===== Material for this exercise

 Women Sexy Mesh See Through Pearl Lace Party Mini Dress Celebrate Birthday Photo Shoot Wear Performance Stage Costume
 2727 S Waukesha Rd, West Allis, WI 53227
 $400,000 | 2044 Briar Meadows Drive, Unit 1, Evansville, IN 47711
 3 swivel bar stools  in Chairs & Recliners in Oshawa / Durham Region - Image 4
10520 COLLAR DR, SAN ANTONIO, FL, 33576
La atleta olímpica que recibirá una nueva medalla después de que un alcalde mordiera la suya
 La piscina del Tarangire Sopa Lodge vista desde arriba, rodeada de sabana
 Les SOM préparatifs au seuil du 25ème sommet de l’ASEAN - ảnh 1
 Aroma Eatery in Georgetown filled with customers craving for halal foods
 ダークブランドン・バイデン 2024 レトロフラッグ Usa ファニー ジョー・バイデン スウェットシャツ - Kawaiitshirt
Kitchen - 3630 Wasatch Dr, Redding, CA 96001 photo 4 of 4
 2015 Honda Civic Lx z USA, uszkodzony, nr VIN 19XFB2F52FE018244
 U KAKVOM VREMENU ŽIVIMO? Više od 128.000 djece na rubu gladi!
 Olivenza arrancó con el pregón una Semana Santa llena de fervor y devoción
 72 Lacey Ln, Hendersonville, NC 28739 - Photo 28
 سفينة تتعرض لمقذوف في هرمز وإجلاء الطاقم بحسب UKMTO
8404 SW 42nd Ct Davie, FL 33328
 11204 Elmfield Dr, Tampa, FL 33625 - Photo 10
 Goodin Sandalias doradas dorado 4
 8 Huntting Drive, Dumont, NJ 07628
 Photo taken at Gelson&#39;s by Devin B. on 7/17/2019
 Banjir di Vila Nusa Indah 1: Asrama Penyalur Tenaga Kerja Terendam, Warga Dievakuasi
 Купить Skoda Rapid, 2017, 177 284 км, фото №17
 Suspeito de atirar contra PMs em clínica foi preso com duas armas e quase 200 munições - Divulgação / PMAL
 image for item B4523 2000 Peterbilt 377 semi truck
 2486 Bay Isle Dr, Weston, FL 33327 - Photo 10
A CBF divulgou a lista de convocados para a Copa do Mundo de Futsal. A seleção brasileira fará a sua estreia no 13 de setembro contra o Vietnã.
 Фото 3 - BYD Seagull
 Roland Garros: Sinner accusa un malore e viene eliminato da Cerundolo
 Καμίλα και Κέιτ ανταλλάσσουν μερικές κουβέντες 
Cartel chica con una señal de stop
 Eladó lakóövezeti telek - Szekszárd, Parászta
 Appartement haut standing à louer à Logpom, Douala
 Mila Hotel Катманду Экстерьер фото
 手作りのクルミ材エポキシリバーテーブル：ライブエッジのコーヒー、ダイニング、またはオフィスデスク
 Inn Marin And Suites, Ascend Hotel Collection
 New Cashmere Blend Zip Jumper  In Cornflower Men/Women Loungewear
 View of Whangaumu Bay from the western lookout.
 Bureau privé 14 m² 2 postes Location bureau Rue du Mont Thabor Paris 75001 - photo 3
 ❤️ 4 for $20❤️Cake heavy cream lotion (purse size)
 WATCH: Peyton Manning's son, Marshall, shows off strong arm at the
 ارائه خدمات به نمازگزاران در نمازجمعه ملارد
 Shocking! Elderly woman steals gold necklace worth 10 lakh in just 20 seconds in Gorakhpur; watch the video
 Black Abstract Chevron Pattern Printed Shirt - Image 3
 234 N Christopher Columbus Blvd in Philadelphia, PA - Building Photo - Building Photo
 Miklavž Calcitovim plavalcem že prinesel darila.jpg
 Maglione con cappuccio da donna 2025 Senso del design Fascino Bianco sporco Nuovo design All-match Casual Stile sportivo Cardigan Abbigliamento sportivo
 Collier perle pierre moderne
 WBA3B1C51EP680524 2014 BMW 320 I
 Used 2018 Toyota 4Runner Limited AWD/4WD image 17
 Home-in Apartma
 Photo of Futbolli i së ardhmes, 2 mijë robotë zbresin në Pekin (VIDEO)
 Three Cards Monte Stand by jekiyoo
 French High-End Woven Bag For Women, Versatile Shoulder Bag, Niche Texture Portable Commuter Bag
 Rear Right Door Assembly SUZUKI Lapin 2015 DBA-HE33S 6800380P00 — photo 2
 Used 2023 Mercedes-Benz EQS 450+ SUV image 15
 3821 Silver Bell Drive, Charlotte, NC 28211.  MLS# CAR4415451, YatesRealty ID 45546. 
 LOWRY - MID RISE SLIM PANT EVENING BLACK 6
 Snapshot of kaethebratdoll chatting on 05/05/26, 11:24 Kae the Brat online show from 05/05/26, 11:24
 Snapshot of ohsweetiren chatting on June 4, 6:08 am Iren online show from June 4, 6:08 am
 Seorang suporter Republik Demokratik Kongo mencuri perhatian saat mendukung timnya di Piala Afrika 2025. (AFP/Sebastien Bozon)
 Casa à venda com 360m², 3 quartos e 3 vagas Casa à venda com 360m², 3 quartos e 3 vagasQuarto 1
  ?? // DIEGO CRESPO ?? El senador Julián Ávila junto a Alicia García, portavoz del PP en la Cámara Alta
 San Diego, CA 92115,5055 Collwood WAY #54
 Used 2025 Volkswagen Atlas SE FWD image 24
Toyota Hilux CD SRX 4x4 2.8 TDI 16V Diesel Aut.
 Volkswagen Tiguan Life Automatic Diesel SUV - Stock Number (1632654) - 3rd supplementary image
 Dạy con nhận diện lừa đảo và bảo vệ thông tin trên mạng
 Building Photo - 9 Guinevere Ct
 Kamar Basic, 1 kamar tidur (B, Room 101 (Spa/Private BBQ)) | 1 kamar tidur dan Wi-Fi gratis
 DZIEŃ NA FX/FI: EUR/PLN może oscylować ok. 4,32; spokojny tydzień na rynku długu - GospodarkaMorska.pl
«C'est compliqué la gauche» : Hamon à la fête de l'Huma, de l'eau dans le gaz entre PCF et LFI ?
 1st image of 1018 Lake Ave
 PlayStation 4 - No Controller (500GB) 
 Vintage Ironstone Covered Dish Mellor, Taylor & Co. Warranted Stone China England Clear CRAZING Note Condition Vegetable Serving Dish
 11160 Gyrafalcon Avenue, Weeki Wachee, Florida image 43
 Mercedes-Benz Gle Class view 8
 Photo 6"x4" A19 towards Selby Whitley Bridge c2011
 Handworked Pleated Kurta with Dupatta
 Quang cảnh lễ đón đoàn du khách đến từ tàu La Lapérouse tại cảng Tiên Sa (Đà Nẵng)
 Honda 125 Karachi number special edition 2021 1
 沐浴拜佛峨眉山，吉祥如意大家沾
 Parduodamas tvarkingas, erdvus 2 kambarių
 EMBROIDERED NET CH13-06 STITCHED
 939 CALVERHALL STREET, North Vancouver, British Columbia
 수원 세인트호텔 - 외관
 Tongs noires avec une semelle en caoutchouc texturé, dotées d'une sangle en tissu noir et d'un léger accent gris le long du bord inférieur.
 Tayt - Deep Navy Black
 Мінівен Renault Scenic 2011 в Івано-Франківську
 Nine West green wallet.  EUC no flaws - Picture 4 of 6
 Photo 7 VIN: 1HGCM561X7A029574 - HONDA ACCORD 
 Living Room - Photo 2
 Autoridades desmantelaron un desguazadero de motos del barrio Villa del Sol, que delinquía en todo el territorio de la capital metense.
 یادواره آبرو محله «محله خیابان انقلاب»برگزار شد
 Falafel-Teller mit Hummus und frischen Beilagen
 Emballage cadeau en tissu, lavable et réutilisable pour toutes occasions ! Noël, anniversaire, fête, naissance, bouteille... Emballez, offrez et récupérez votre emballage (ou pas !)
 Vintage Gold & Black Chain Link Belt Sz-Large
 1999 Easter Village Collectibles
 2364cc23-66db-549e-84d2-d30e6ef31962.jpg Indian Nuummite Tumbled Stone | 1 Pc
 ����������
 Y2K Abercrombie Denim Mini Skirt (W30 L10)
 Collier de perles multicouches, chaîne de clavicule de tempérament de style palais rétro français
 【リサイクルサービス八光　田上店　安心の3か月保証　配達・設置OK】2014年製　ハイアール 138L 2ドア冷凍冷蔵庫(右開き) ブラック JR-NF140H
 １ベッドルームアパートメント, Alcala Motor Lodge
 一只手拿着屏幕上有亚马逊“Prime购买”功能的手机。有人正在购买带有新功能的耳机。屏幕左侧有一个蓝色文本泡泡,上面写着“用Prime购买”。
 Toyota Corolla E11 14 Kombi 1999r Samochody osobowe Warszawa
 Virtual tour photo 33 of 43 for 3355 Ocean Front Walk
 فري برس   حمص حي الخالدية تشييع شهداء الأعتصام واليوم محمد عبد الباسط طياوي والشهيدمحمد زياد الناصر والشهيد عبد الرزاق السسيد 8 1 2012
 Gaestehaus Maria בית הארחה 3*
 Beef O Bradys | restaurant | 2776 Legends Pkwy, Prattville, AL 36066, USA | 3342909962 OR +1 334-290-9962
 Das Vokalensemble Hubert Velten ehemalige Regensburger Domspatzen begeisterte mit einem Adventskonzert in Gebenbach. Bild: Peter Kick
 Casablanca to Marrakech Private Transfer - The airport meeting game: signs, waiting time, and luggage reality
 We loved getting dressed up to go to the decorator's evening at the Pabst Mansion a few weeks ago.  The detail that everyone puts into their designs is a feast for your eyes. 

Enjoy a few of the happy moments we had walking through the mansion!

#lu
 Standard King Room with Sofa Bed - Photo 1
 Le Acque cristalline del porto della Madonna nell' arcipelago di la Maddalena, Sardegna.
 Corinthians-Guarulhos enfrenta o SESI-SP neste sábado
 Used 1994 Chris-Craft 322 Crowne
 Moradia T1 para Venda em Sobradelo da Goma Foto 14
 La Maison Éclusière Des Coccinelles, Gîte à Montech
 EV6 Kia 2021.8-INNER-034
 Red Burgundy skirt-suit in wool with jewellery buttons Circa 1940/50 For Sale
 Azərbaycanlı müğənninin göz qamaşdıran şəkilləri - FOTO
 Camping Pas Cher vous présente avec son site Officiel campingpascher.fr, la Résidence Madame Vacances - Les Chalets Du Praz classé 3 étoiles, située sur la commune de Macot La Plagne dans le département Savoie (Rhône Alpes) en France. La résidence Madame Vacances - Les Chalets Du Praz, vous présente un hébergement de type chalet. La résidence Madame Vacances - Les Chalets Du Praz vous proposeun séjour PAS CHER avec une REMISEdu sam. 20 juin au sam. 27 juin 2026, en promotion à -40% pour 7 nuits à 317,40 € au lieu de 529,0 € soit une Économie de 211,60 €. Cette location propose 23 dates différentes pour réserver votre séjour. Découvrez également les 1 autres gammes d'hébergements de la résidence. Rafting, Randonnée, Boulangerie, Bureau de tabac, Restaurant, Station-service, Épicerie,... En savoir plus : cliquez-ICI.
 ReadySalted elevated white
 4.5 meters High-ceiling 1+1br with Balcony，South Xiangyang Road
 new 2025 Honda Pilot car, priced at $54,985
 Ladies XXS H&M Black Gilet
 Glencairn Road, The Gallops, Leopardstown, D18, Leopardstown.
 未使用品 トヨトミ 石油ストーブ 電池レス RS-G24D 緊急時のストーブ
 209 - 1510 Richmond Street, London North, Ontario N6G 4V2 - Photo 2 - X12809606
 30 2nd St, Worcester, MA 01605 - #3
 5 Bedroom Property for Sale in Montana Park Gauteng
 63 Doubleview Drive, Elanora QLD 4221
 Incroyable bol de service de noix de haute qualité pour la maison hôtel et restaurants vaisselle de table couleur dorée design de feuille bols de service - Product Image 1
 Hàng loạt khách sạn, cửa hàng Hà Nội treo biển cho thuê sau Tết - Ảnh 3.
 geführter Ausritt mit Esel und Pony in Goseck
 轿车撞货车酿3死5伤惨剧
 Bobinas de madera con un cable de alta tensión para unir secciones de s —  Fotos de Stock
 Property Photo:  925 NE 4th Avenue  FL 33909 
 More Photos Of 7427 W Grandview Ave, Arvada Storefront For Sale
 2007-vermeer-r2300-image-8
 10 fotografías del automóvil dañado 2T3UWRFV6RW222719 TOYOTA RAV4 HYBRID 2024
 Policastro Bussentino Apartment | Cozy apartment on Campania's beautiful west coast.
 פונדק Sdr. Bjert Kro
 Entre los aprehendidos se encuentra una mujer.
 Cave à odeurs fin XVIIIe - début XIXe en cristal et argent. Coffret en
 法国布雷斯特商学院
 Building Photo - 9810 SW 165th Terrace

==========

Try it: Find every line of the records holding "Property". Answer with the count alone.

Response area: 2